Selasa, 15 Oktober 2019

(Ngaji of the Day) Fiqih Maqashid (6): Bagaimana Batas Maslahat dan Tak Maslahat Diputuskan?


Fiqih Maqashid (6): Bagaimana Batas Maslahat dan Tak Maslahat Diputuskan?

Izzu al-Din ibn Abdu al-Salâm, seorang tokoh kenamaan abad ke-13 menuliskan bahwa mewujudkan maslahah (kemaslahatan) dan menolak terjadinya mafsadah (kerusakan) hukumnya adalah wajib. Dalam kitabnya, Qawâ’idu al-Ahkâm fi Mashâlihi al-Anam, Juz 1, halaman 7, beliau menyampaikan: 

واعلم أن المصالح الخالصة عزيزة الوجود. فإن تحصيل المنافع المحضة للناس كالمأكل والمسكن لا يحصل إلا بالسعي في تحصيلها بمشقة الكد والنصب. فإذا حصلت فقد اقترن بها من المضار والآفات ما ينغصها

Artinya: “Kemaslahatan murni itu sangat sulit terwujud.
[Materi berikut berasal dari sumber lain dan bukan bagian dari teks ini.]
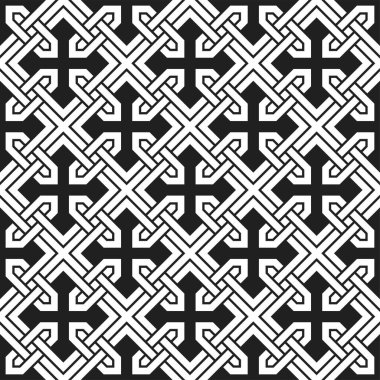 Sanatsal şekiller tekrarlanan kalıplar. Yazdırılabilir vektörün Geometrik Sanat Çizgileri Kusursuz deseni.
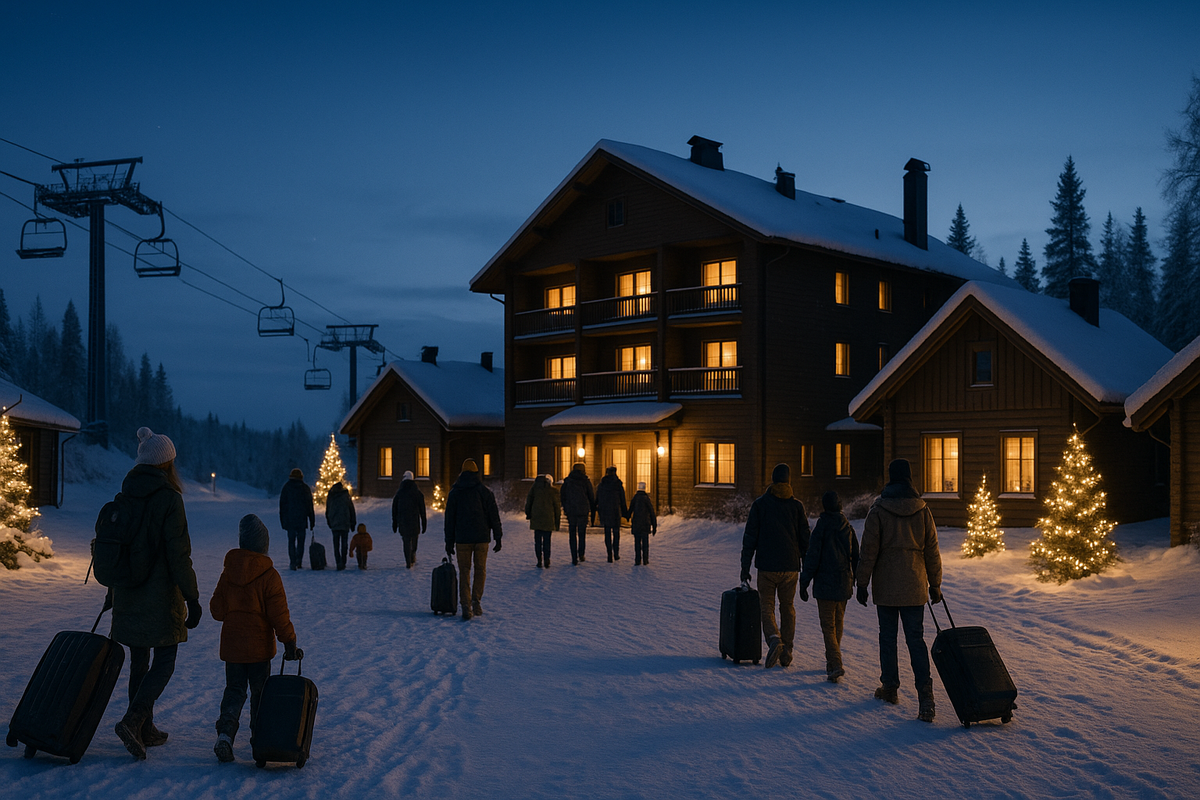 Families in winter clothes arrive with suitcases at a warmly lit Lapland ski resort hotel under snowy twilight skies.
Upaya mencapai kesejahteraan bagi masyarakat seperti di bidang pangan dan papan hanya bisa diraih dengan jerih payah dan perjuangan keras. Karena itulah kemaslahatan yang diraih (nyaris selalu) bercampur dengan sisi mudarat yang mengiringinya." (‘Izz al-Dîn ibn Abdu al-Salâm, Qawâ’idu al-Ahkâm fi Mashâlihi al-Anam Juz 1, Beirut: Dâr al-Kutub al-Ilmiyyah, tt., 7).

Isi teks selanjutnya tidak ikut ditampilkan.